Data entries:

· · · · ·

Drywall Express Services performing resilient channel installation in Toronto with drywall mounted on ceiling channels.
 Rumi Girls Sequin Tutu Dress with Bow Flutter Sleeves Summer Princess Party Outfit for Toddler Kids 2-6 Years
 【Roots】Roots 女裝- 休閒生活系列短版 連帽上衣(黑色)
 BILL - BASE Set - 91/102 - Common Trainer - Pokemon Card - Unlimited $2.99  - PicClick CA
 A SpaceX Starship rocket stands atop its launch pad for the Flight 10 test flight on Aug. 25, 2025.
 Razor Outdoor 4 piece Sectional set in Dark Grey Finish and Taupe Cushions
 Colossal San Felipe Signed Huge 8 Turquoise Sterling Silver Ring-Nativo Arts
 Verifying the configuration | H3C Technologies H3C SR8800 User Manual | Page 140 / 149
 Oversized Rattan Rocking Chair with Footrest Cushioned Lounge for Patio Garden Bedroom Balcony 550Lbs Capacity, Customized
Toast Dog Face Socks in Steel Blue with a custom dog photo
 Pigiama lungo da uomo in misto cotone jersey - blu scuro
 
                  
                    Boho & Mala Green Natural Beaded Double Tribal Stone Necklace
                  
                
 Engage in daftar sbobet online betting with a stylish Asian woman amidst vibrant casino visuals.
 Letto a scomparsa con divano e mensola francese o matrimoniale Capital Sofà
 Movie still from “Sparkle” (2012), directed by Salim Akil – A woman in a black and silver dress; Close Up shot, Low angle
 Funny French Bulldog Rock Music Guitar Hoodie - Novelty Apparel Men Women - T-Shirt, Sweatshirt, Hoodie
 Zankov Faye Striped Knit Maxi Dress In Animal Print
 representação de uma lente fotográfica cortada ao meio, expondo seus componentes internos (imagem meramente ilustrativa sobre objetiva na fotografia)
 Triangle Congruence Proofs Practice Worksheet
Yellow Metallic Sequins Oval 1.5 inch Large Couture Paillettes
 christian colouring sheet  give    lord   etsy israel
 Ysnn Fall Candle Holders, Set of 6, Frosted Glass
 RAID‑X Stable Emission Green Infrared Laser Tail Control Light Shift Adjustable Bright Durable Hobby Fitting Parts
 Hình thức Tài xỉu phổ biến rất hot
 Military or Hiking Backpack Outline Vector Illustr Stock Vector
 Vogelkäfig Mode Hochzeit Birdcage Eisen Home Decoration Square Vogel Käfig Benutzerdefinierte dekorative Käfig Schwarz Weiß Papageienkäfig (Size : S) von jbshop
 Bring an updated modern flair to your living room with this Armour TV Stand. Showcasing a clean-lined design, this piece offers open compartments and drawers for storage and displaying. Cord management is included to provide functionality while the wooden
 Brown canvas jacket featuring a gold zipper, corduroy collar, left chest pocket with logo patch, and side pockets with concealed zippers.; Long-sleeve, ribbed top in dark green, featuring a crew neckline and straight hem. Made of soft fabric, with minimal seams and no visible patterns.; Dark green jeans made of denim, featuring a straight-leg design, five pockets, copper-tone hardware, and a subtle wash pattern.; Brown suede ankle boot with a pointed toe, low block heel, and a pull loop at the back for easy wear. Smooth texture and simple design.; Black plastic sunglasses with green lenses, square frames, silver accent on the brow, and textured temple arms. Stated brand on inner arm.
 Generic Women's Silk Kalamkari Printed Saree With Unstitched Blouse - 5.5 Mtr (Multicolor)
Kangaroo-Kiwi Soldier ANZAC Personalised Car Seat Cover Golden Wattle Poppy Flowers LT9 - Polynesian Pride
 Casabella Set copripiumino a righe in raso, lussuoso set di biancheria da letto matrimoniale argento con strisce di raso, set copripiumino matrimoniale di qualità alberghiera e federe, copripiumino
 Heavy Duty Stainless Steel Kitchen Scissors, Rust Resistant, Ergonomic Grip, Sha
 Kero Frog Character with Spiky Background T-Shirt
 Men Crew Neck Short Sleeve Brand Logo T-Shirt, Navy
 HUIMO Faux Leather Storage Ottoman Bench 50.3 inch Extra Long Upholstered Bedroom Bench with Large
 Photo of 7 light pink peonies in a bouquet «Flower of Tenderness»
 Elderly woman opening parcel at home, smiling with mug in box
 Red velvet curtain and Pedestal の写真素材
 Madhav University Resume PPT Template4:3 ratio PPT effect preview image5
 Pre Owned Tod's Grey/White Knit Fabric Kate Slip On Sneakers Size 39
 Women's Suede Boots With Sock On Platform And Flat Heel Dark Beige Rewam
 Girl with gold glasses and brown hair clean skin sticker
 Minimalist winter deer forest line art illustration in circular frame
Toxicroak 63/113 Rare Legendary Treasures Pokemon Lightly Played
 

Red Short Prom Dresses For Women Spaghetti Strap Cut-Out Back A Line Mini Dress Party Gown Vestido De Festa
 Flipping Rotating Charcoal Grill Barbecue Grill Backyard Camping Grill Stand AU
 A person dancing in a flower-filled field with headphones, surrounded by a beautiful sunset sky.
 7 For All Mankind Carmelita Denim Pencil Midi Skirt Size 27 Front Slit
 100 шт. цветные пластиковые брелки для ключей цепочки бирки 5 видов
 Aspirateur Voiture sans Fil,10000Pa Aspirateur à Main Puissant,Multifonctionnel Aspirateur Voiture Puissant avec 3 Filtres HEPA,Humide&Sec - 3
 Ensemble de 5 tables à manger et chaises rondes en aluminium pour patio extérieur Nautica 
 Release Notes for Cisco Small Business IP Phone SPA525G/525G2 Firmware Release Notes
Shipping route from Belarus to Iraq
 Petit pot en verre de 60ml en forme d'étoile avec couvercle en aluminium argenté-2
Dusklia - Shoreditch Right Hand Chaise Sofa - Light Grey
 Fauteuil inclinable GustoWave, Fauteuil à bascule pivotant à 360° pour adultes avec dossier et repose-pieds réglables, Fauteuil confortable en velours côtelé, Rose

· · · · ·

EXERCISE OBJECTIVE:
Your answer should consist only of the lines above between the line holding "Ysnn Fall Candle" and the line holding "Bring an updated", inclusive, each transcribed exactly.

TASK ANSWER:
 Ysnn Fall Candle Holders, Set of 6, Frosted Glass
 RAID‑X Stable Emission Green Infrared Laser Tail Control Light Shift Adjustable Bright Durable Hobby Fitting Parts
 Hình thức Tài xỉu phổ biến rất hot
 Military or Hiking Backpack Outline Vector Illustr Stock Vector
 Vogelkäfig Mode Hochzeit Birdcage Eisen Home Decoration Square Vogel Käfig Benutzerdefinierte dekorative Käfig Schwarz Weiß Papageienkäfig (Size : S) von jbshop
 Bring an updated modern flair to your living room with this Armour TV Stand. Showcasing a clean-lined design, this piece offers open compartments and drawers for storage and displaying. Cord management is included to provide functionality while the wooden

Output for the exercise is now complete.